Earlier this year, Sievers and his team at Bar Primi purchased a frozen drink machine to make frozen negronis. When summer’s heat and humidity set in, the group started brainstorming additional uses for the gadget, and a wine-based drink piqued interests.
“Even as an adult, you want something super cold and refreshing … Just because it’s a frozen drink doesn’t mean it has to be a sugary, sweet sort of drink, so we decided to do something that’s a little bit nicer,” Sievers said.
They experimented with rosé, a pink-colored wine that gets its hue from the skins of red grapes.
“[We said] it’s rosé season, let’s just dump some rosé in there and see what happens,” Sievers said.
And frosé was born.
Bar Primi isn’t the only restaurant serving the frozen wine drink.

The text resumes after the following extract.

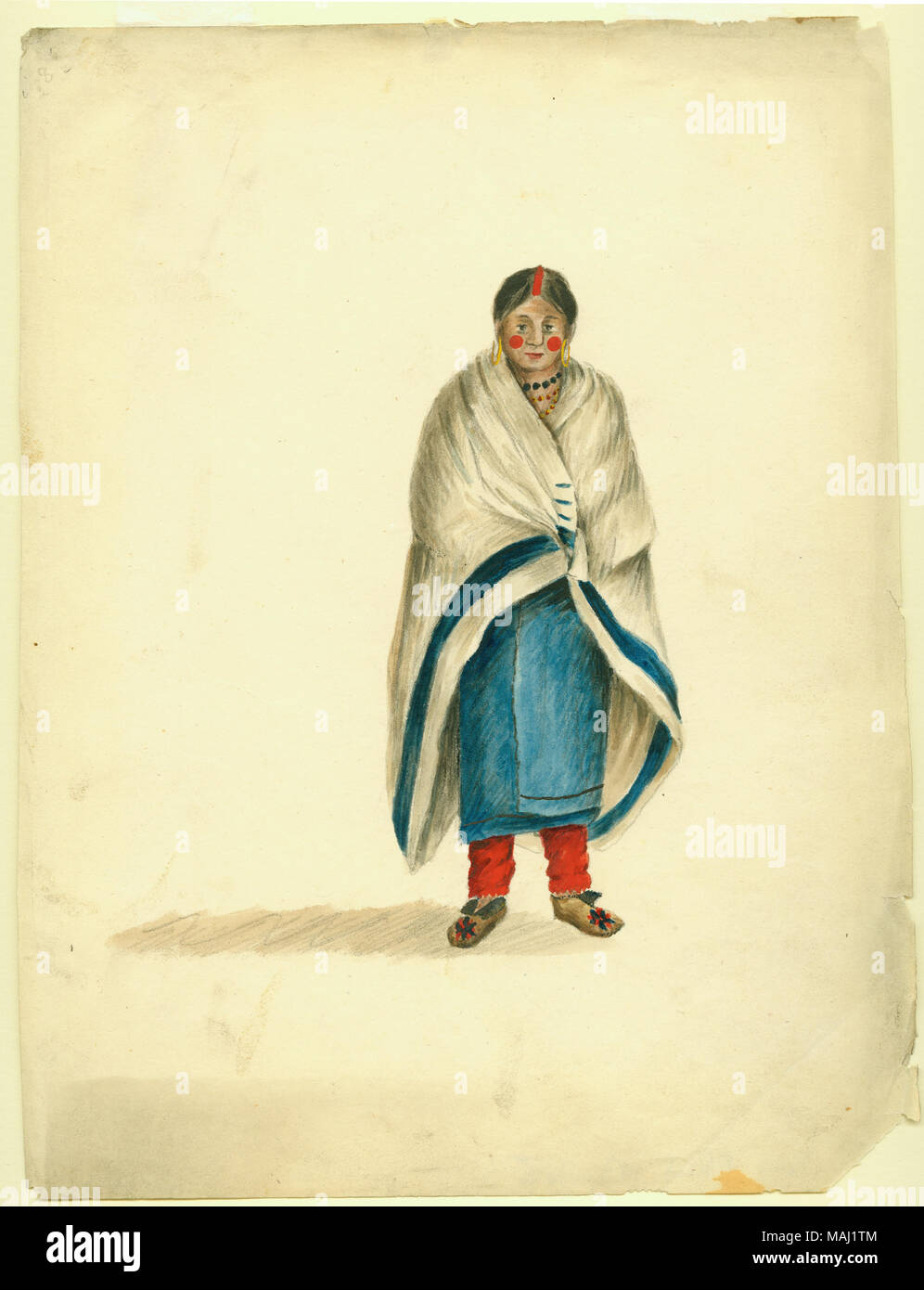 Indian woman wearing red leggings à envelopper et mocassins en cuir bleu, deux points rouges sur les joues, une bande rouge sur la tête et une couverture commerciale indienne sur ses épaules. Titre : Peinture d'une femme indienne par Anna Maria Von Phul . 1818. Von Phul, Anna Maria Banque D'Images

In fact, several spots in the D.C. area are making their own, including Arcuri, Macon Bistro & Larder and Lyman’s Tavern, DC Eater reports.
Food-focused magazines like Bon Appétit and Real Simple have also jumped on the frosé bandwagon, publishing recipes for the drink.

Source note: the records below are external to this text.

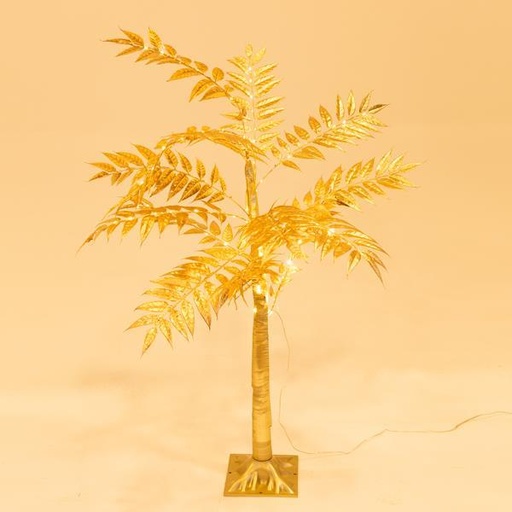 [600-30588] ÁRBOL DORADO DE HOJAS ANCHAS DE 1,2 m, ADAPTADOR DE 4,5 V, 80 MINI LED BLANCO CÁLIDO, CABLE DE 3 m, IP44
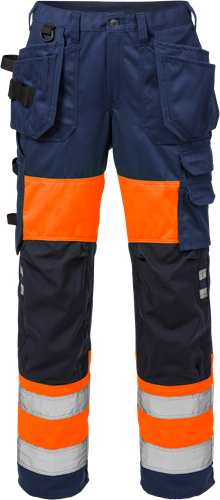 Výstražné řemeslnické kalhoty dámské tř. 1 2129 PLU Velikost: 46, Barva: Hi-Vis Orange/Navy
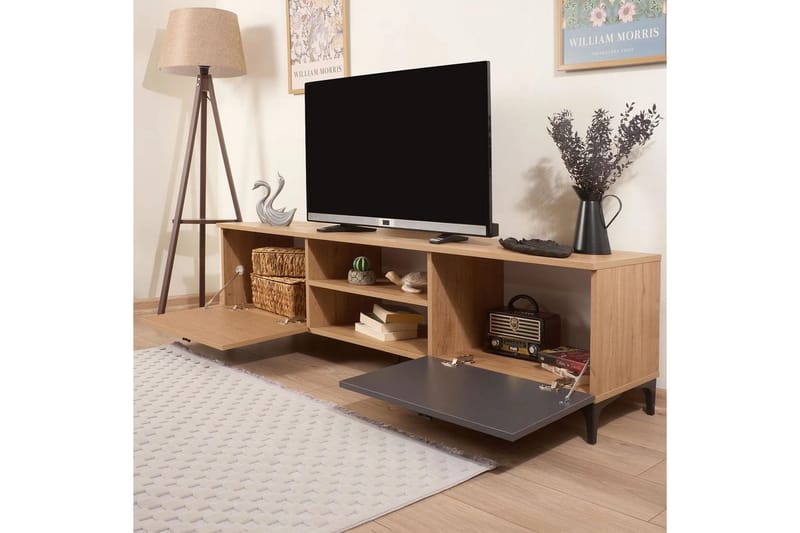 Ranko TV-benk 180 cm - Antrasitt - Møbler - TV- & Mediamøbler - TV benk & mediabenk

If you don’t have a frozen drink machine at home, Sievers says frosé is still relatively simple to throw together — and perfect for summer’s hot weekends. The most important thing, he says, is to freeze the rosé ahead of time. Don’t just throw chilled rosé into a blender with ice.

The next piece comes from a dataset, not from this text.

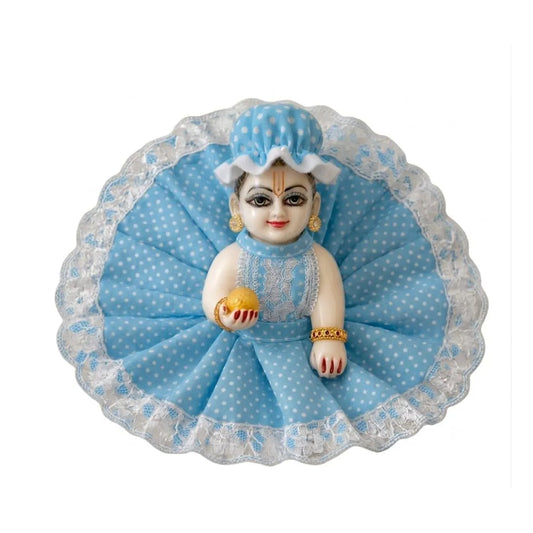 Sky Blue Polka Dot Laddu Gopal Dress with Matching Cap & Lace Border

“That’s going to water it down and just kind of make the consistency not as nice,” he said.
Rather, empty a bottle of rosé into a plastic container (preferably one with a lid) and freeze it for a few hours or overnight. Take it out when the texture is similar to a slushie.
“You can scoop it out, almost as like a sorbet or granita, and that gives you your base of frozen rosé,” Sievers said.
Then, throw in a little vermouth for flavor and strawberry puree for color and texture, and blend it all together.
“It gives it a little extra body and flavor, because as you freeze rosé, it tends to kind of dampen some of the flavors,” Sievers said.
“That way you’re not diluting it at all, and you’re still getting that nice frozen drink texture.”